You may toggle the Observer on and off by selecting the "Active" checkbox. Also, multiple Observers may be added to a single data flow.
Note that the notification will only be triggered once. This means that if an Observer that is continuously in an Alert state over the course of multiple iterations will only send one message. A new message can only be sent once the state returns to the "All Clear" state. This prevents redundant messages from being sent to administrators.
IMPORTANT: The Observer only reads records that are logged. Error or success actions that do not create log records are excluded from the monitor's data. Make sure that the logs that you'd like to be included in the criteria are set up to create log records.
Emails or text messages are sent when an observer enters a state that triggers a notification to be sent to a Topic. Links may be added to observer message to allow a user easy access to the data flow or other relevant information.
Observers can also be monitored within the Instalink interface. Go to the Observers -> Current Status page to see a list of all active Observers and their current state.
Clicking on any Observer in the list will present the administrator with the history of alert statuses. The timestamps of when alert states are entered and exited are clearly presented. Direct links to the project and the process are also included.

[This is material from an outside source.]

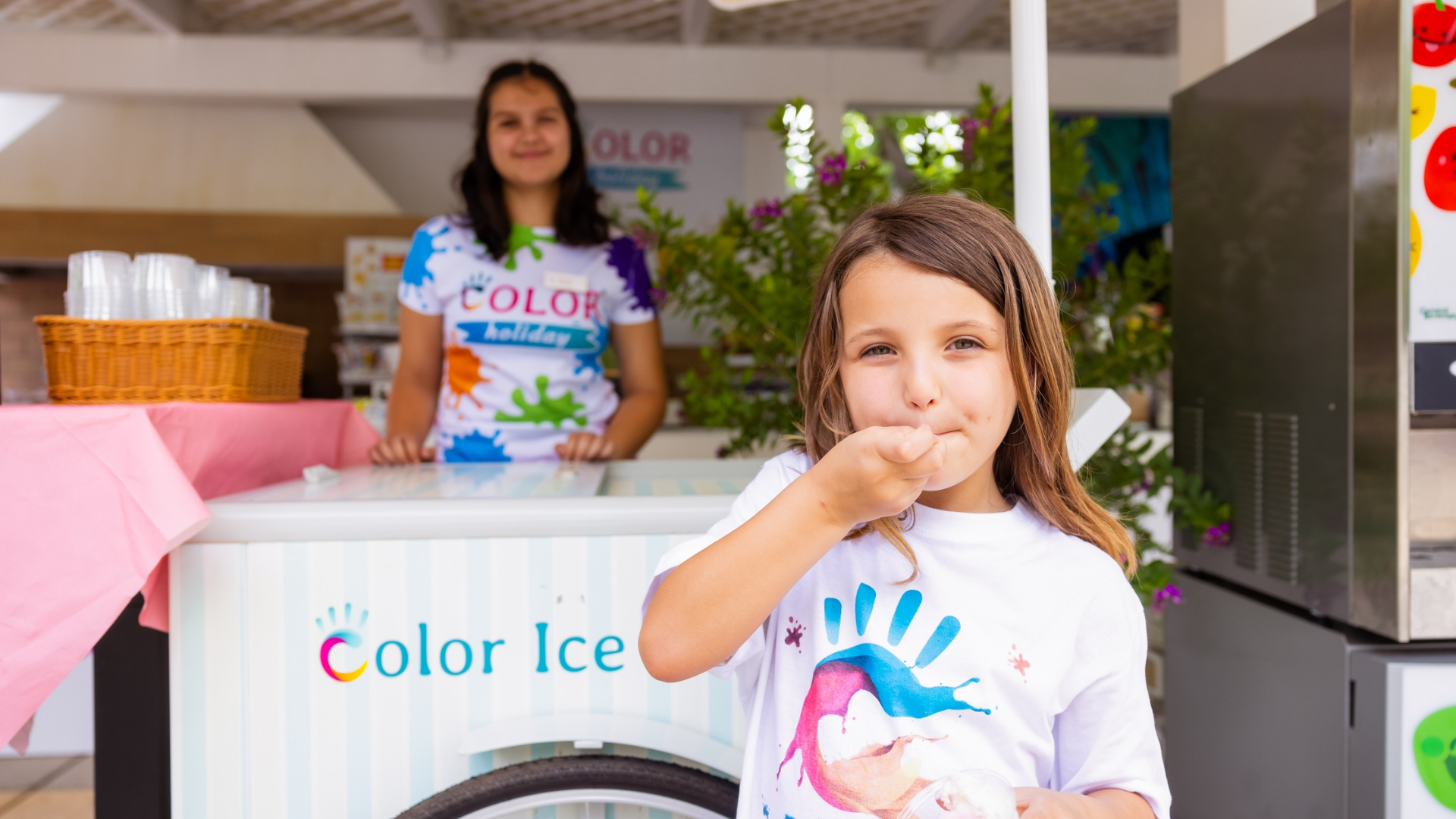 Bambina mangia gelato davanti a un chiosco Color Ice con una donna sorridente.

Due to the flexibility of the Observer system, there are various ways that they can be utilized. Here are some possibilities:
- Send an alert whenever a data flow has an error rate greater than 80% during a ten minute period. This would likely be indicative of an external API or database service being down.
- Send a notification when there are more than 1000 orders successfully submitted in a one hour period. Something like this could be used to notify an administrator that they need to allocate additional resources to handle an influx of shipments.
- Send an alert when an endpoint has no success logs over a 24 hour period. This could indicate that an external service has stopped sending inbound requests to an Instalink endpoint.